In pratica, si tratta di una sorta di “accordo di non belligeranza” fra fisco e contribuente: il primo calcola in modo preventivo la tassazione sui guadagni sulla base dei dati a disposizione dell’Agenzia delle Entrate, il secondo è tenuto ad accettarla di buon grado, ricevendo in cambio la certezza di non ricevere controlli e visite inaspettate.
Il meccanismo si basa quindi sull’offerta di un biennio di pace alle Partite Iva soggette agli “ISA” (Indici di Affidabilità Fiscale), e uno ai lavoratori autonomi con reddito inferiore a 85mila euro all’anno che rientrano nella flat tax. Il meccanismo è semplice: nel tentativo di far emergere il “nero”, il Fisco assegna un livello reddituale maggiore rispetto a quello dichiarato dal contribuente, e chi accetta ha l’ulteriore certezza che la tassazione rimarrà quella stabilita anche in caso di guadagni superiori, potendo così far emergere l’eventuale nero. L’obiettivo è spingere i contribuenti soggetti agli Isa con voto “8”, che indica inaffidabilità ed alto rischio di evasione, a raggiungere il “10”, cifra che fin dai tempi della scuola rappresenta il massimo possibile. A tutto questo c’è da aggiungere che l’avvento del concordato biennale è destinato a mandare finalmente in pensione il “Redditometro”, il fastidioso sistema di accertamenti calcolati sul tenore di vita dei contribuenti.

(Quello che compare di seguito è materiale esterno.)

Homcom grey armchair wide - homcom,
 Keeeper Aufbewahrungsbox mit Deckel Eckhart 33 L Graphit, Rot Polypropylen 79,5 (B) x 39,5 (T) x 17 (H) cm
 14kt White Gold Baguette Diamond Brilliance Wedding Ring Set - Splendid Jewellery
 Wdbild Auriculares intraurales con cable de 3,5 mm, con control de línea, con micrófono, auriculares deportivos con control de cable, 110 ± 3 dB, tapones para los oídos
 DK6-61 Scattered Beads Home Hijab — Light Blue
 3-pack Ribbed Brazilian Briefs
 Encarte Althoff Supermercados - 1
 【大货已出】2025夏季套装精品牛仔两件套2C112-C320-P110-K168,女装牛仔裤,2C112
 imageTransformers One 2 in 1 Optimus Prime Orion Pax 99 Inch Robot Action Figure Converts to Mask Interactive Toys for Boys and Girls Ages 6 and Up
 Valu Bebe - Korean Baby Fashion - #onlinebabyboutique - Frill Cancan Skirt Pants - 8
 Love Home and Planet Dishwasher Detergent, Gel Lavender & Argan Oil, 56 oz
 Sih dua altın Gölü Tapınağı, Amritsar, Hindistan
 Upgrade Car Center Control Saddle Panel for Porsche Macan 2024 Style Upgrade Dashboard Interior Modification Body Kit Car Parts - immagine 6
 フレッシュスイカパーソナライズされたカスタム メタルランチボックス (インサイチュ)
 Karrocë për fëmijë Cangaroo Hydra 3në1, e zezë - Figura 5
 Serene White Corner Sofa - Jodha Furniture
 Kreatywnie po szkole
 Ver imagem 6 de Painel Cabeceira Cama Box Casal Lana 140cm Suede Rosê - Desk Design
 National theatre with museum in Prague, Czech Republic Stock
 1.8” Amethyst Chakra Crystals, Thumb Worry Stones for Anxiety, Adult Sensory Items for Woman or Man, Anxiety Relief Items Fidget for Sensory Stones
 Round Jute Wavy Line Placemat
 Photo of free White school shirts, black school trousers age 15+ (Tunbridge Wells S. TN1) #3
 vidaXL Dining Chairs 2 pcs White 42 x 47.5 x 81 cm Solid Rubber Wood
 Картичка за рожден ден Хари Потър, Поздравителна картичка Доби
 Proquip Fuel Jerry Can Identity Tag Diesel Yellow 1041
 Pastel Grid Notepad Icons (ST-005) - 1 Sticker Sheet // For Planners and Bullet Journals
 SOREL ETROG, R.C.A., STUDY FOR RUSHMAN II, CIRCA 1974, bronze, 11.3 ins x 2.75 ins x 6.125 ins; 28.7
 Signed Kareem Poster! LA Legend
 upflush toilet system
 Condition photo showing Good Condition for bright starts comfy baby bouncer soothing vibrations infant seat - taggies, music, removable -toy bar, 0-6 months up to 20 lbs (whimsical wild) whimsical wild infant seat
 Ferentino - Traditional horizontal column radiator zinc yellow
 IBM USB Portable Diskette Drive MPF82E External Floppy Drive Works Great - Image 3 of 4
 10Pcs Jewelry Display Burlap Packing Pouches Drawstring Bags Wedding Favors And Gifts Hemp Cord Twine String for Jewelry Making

Eppure, il patto con il Fisco al momento non sembra riscuotere l’adesione che al Mef avevano preventivato, probabilmente reso difficile da digerire se visto dalla parte dei contribuenti, costretti ad accettare redditi e imposte molto maggiori rispetto ai periodi d’imposta precedenti, e reso ancora più ostico dal rischio di siglare un patto senza tutele in caso di eventi imprevedibili come malattie, infortuni o cause che possano ridurre improvvisamente i redditi. Buona parte dei timori si concentra anche sugli effetti nefasti dell’inflazione e sulla difficile situazione geopolitica internazionale, con le guerre che inevitabilmente influiscono sulle attività economiche.
Cifre alla mano, a tre settimane dalla partenza, il concordato biennale preventivo destinato agli autonomi - da cui ci si aspetta un incasso aggiuntivo di 2 miliardi di euro - è fermo al palo: al momento hanno aderito un misero 2% dei 4,5 milioni di partite Iva potenzialmente interessate, mettendo così a rischio la sopravvivenza della riduzione delle aliquote Irpef per il ceto medio.
Ufficialmente partito il 15 giugno scorso, per aderire al CPB c’è tempo fino al prossimo 31 ottobre, con l’aggiunta di un’offerta lancio che per il primo anno assicura uno sconto del 50% sul dovuto. Secondo il parere espresso in Commissione Finanze al Senato da Salvatore Regalbuto, tesoriere del Consiglio nazionale dei commercialisti sul decreto correttivo che entro il prossimo 1°agosto dovrà concludere l’esame parlamentare preventivo: “Una tassazione piatta modulata in base al punteggio dei soggetti Isa che aderiscono al concordato potrebbe essere il grimaldello per renderlo più attrattivo e per incentivare l’adesione. Portare tutti i contribuenti a un voto pari a 10 riduce la platea degli interessati perché chi ha un voto inferiore al 6 difficilmente è invogliato ad accettare l’offerta del fisco”.
In pratica, i commercialisti suggeriscono la creazione di una flat tax al 10% sulla differenza di reddito fra quanto dichiarato dal contribuente e quello calcolato dall’Agenzia per quanti hanno una pagella Isa dall’8 in su. La tassa piatta salirebbe di conseguenza al 12% per un voto tra il 6 e l’8 e al 15% per chi sta sotto il 6, considerato inaffidabile. “È un’idea di buon senso che può rendere il concordato più appetibile”, ha commentato Massimo Garavaglia della Lega.